Question

\( \Delta G^\circ \, (\text{in kJ mol}^{-1}) \text{ for the cell reaction is} \) 
\( \text{Cu}^{2+}(aq) + \text{Fe}(s) \rightarrow \text{Fe}^{2+}(aq) + \text{Cu}(s) \) 
\( \left[\text{Given} \, E^\circ_{\text{Cu}^{2+}/\text{Cu}} = 0.34 \, \text{V}, \, E^\circ_{\text{Fe}^{2+}/\text{Fe}} = -0.44 \, \text{V} \, \text{and} \, F = 96,500 \, \text{C mol}^{-1} \right] \)

• A. +150.5
• B. -150.5
• C. +140.2
• D. -140.2

Hint:

The sign of the Gibbs free energy change helps determine if the reaction is spontaneous.
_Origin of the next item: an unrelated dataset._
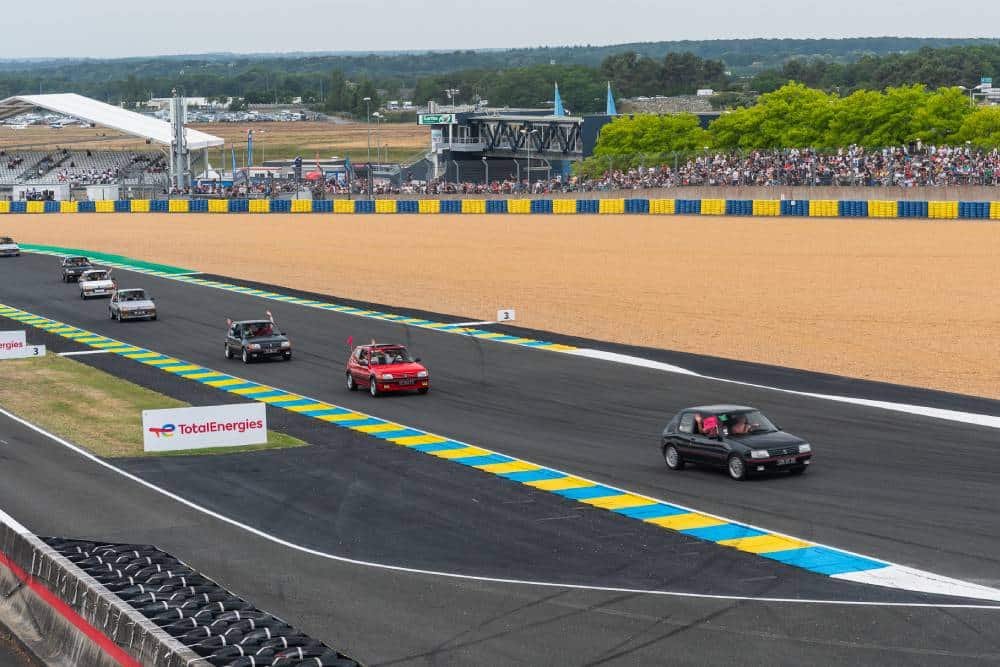 Το νέο Peugeot 208 Ε-GTi εντυπωσίασε στο θρυλικό Le Mans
A negative \( \Delta G^\circ \) indicates that the reaction is spontaneous.

Answer 1

The Correct Option is B

The standard Gibbs free energy change (\( \Delta G^\circ \)) for a cell reaction can be calculated using the equation: \[ \Delta G^\circ = -nF E^\circ_{\text{cell}} \] Where: - \( n \) is the number of moles of electrons involved in the reaction,
- \( F \) is the Faraday constant,
- \( E^\circ_{\text{cell}} \) is the cell potential, which can be calculated as:
\[ E^\circ_{\text{cell}} = E^\circ_{\text{cathode}} - E^\circ_{\text{anode}} \] For this reaction: - The cathode is the Cu\(^2+\)/Cu half-reaction: \( E^\circ_{\text{Cu}^{2+}/\text{Cu}} = 0.34V \),
- The anode is the Fe\(^2+\)/Fe half-reaction: \( E^\circ_{\text{Fe}^{2+}/\text{Fe}} = -0.44V \).
Thus: \[ E^\circ_{\text{cell}} = 0.34V - (-0.44V) = 0.78V \] The number of electrons transferred \( n \) is 2 (as both reactions involve a 2-electron transfer). Now, substitute the values into the Gibbs free energy equation: \[ \Delta G^\circ = -2 \times 96,500 \times 0.78 = -150.5 \, \text{kJ/mol} \] Thus, the correct answer is (2) -150.5 kJ/mol.